:: Problem statement ::
Copy nothing but the lines from the one containing "Beyond the Horizon - 영어로 읽는 세계문학 667" through the last line of the records, repeated exactly and without pictures.

:: Records provided ::

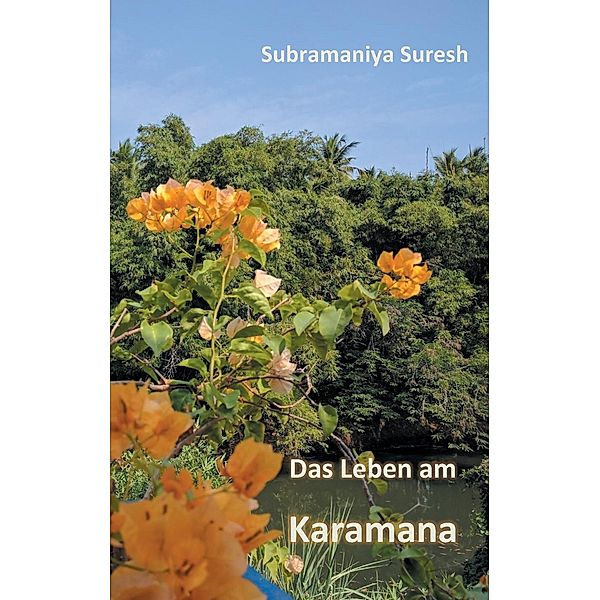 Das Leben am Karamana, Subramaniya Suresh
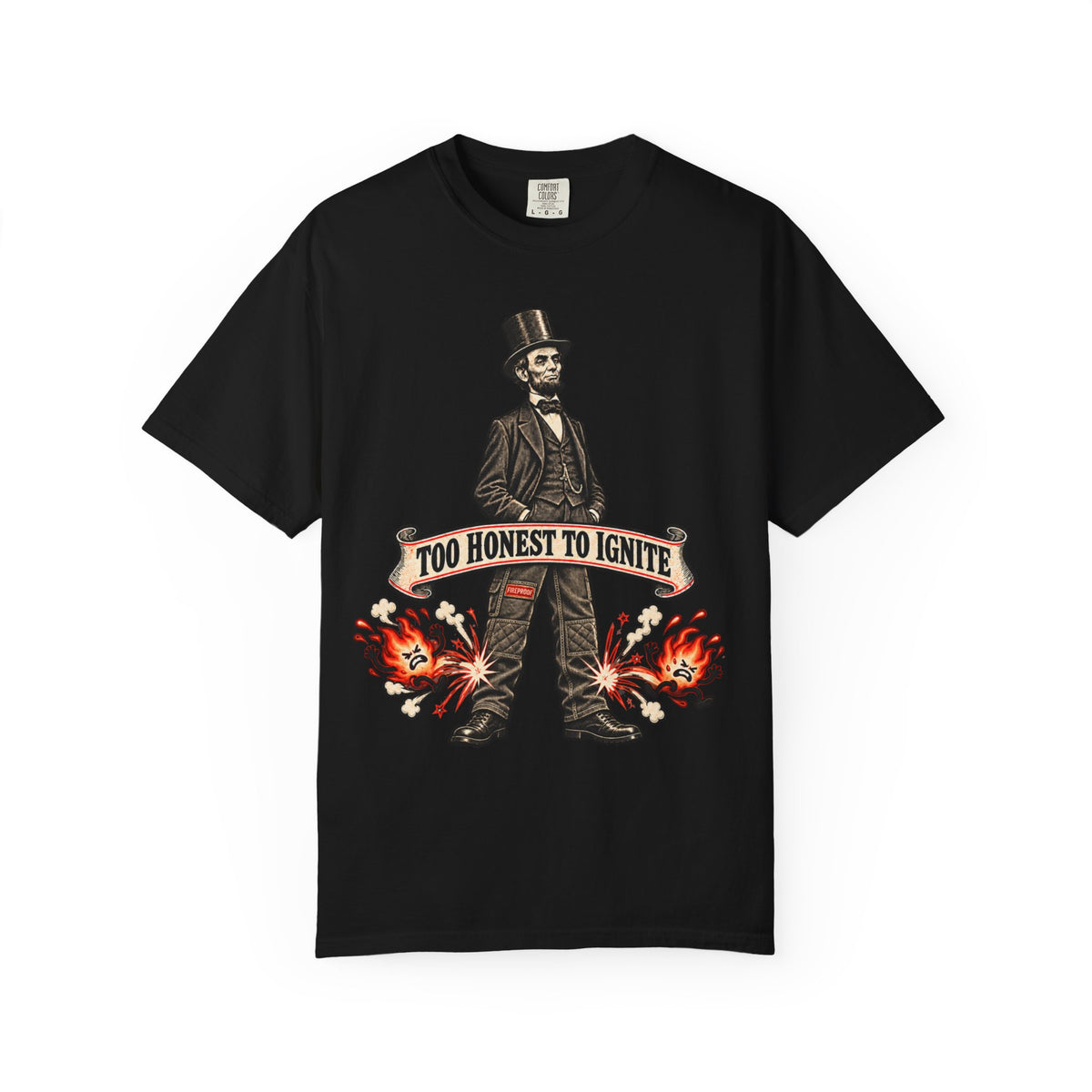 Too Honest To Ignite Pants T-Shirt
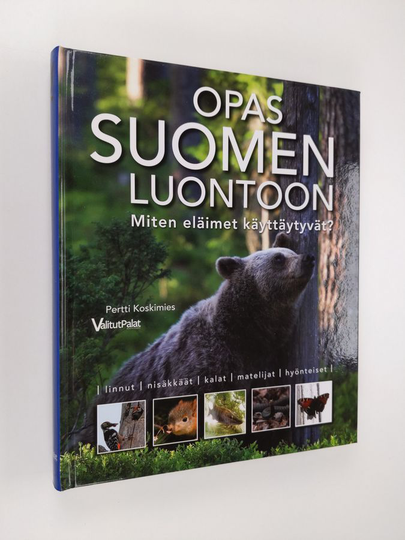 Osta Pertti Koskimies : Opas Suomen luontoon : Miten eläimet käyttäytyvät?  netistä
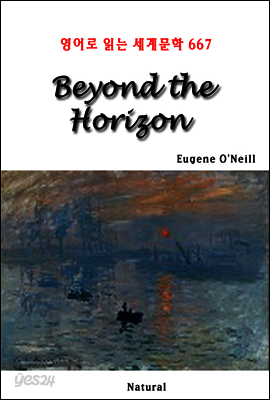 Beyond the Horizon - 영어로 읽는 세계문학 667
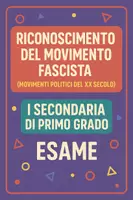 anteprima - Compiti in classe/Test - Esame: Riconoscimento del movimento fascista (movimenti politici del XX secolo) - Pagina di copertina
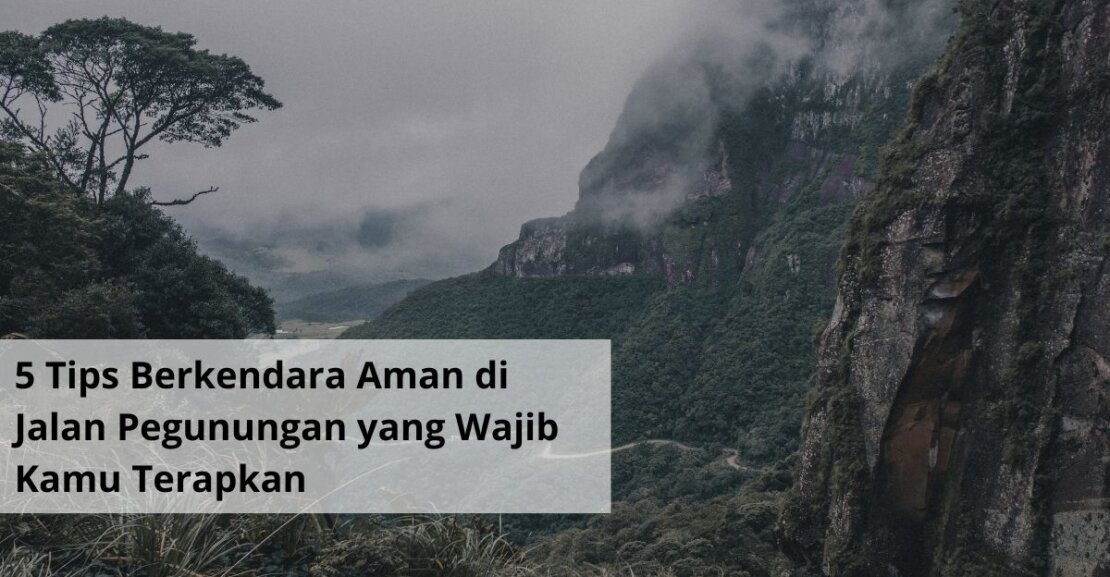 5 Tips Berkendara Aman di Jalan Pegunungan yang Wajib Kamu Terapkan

:: Answer below ::
 Beyond the Horizon - 영어로 읽는 세계문학 667
 anteprima - Compiti in classe/Test - Esame: Riconoscimento del movimento fascista (movimenti politici del XX secolo) - Pagina di copertina
 5 Tips Berkendara Aman di Jalan Pegunungan yang Wajib Kamu Terapkan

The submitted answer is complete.